Very recently we were tasked with copying over data from our MongoDB DB to an S3 bucket.
Since the timelines were tight our immediate solution to this was deploy a lambda that will run once a day, query data from MongoDB and copy it to s3.
We sized up the data to be around 600k records. It did not seem like a lot and we were confident of achieving the same.
Long story short this turned out to be a bigger task than we thought and we ran into multiple problems.
I would like to talk about the problems we faced at each stage and how we improvised and finally arrived at a working solution.
At the end of the process I learnt a lot but I learnt that I have lots more to learn.
Ok getting down to details.
AWS Lambda on Node.js 12.x
Our first attempt was a brute force attempt in hindsight.
- Query the collection asynchronously in batches of 100k
- Do a Promise.all on all the batches of queries
- Concatenate the results array
- Write the data to a s3 file
Since we tried to load all the 600k records into a string to put an object into s3 we ran out of memory even after allocating the maximum permissible memory 3008MB
Based on our first attempt it was clear we had to handle our arrays carefully.
In the first attempt we first flattened the results array into a single array.
We then iterated over the flatenned array and transformed each db record into a string and then push it into another array and hence the memory was insufficient
- Do the array flatenning and transforming it to strings in a single array
- Write the data to a s3 file
Success !! we finally were able to write all the records to a s3 file
The issue was we used up all the 3008MB. So although it works for the current scenario, it is not future proof and we might run into memory issues again
So although from the previous attempt we tasted success we need a more efficient way to handle these huge arrays of data.
A little google search and stackoverflow questions led me to streams in node.js
I will not delve deep into streams but rather quote resources that I referred to.
The main concept of streams is that when you have large amounts of data to work with, rather than loading it all in memory, just load smaller chunks of it and work with it.
On digging deeper we found that mongodb find and aggregate operations by default return streams.
We also found that s3 upload api accepted a readable stream and had the ability to do a multipart upload. This seemed like a perfect way to work.
Mongodb query results would be the data source and s3 file would be the sink.
- Stream the mongodb results
- Mongodb aggregate default cursor size streams 16MB worth of data
- Use s3 multipart upload api
- Even more success !!. We managed to reduce the memory consumption from 3008MB to 200 - 300MB. That was a huge win for us.

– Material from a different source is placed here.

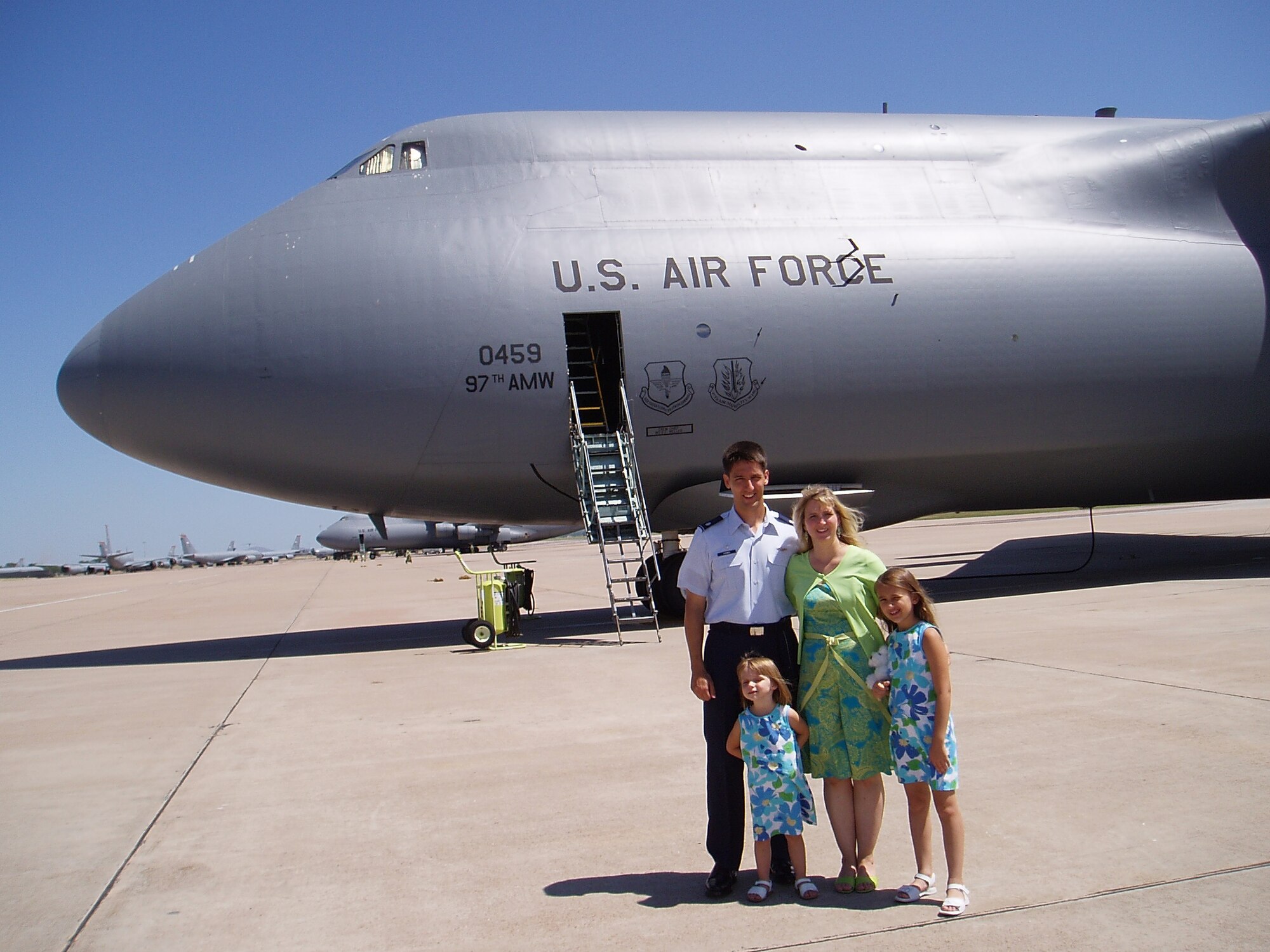 Then Lt. Col. Kyle J. Kremer, former 56th Airlift Squadron commander, and his family stand in front of a C-5 Galaxy at the 97th Air Mobility Wing in 2005, Altus Air Force Base, Okla. Now Brig. Gen. Kremer is the Director, Global Reach Programs, Office of the Assistant Secretary of the Air Force for Acquisition, Headquarters U.S. Air Force, Arlington, Virginia. (Courtesy photo by Brig. Gen. Kyle J. Kremer)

- The issue was that there was some code issue because of which the node script would not exit and the lambda would timeout after the max time of 900 seconds even though the actual execution was completed way before Due to the timeout issue the lambda retries 3 times and so the file is written 3 times, wasted executions
We had nailed down most of the approach and the question was how to exit the node.js function. We realized we did not call the callback function of the lambda handler once the upload was done. Once that was done we were able to complete the execution under 490 seconds and exit the function.